Qui plus est, le contenu de la « Window : San Sebastián » surprend lorsque l’on sait que la moitié des films retenus ne sont pas véritablement originaires du festival espagnol. El Club de Pablo Lorrain fut ainsi présenté à la prestigieuse Berlinale en février dernier – où le film remporta par ailleurs l’Ours d’Argent, Grand Prix du Jury – tandis que El Apóstata fit sa première au Festival de Toronto. Deux sur quatre, c’est dur.

… et racoleuse

Le programme le plus fâcheux de cette année reste « Nouvelle Vague au féminin », dont son racolage n’égale que l’impertinence de son existence. Face à l’importance historique de ce mouvement artistique et politique initié à la fin des années 1950 par Godard et consorts dont l’impact se ressent encore aujourd’hui, l’affiliation faite ici apparaît comme un affront tapageur et de mauvais goût.

Le problème majeur de cette sélection du ZFF ne se trouve pas tant dans le choix des cinéastes (certaines réalisatrices retenues n’appartiennent pas à la même génération et œuvrent dans le milieu depuis de nombreuses années) ni même dans la qualité des films retenus, mais dans la volonté du festival de voir un mouvement filmique là où il n’y en a pas et où aucune once d’idéologie commune transparaît.

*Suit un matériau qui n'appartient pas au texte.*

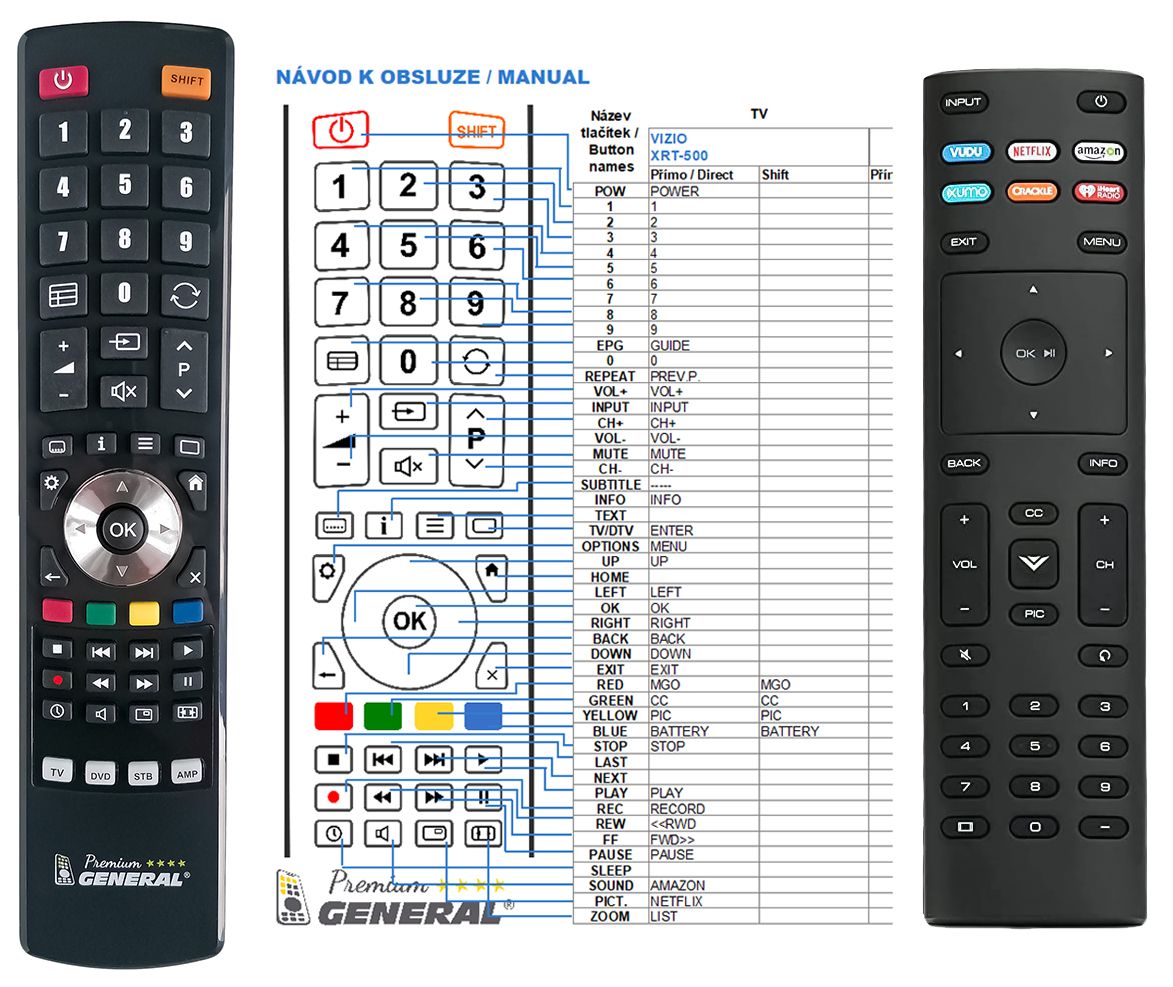 VIZIO XRT136 -   


kompatibilis General márkájú távirányító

Pire, cette catégorisation simpliste tend à provoquer l’effet inverse en invitant à percevoir une forme de marginalisation dans les productions de ces cinéastes. Finalement, à quand le « Nouveau cinéma suisse au féminin » avec une sélection de films d’Ursula Meier, Bettina Oberli, Séverine Cornamusaz et Andrea Staka?

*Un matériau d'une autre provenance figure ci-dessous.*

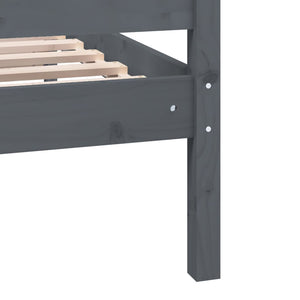 vidaXL Lit en bois massif gris 200x200 cm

Le focus sur le cinéma iranien représente le seul programme cohérent et solide de toute cette 11ème édition. L’on ne peut toutefois pas s’empêcher d’y percevoir une impression de réchauffé, de nombreux hommages et programmes spéciaux ayant été déjà faits autour de cette production nationale, tel que ce fut le cas en 2014 au Festival International du Film de Fribourg.

Au final?

Comme l’écrivait très justement Stéphane Gobbo dans Le Temps : au Zurich Film Festival, on rêve avant tout de glamour. Le cinéma passe en second plan – en témoigne la difficulté à trouver le palmarès à l’issue du festival – et devient une marchandise purement mercantile, noyée dans les strasses et les paillettes, voire quelque part dans la Limmat lors d’une soirée privée (voir ce-dessous). Nous ne sommes pas naïfs au point d’ignorer que l’industrie du cinéma est animée par l’argent, mais une forme d’indécence déplacée transparaît tant au ZFF que tous tenions à l’exposer ici.

Un journaliste américain tweetant son ZFF 2015.

Dans son ambition d’égaler Sundance ou Cannes, le ZFF devrait plutôt s’inspirer de la capacité de ces festivals à mettre en avant de nouveaux talents plutôt que de jouer à la surenchère de glamour. Peut-être qu’à ce moment-là le Zurich Film Festival aura la réputation qu’il s’efforce tant à acquérir. Pour l’instant, c’est pas encore ça.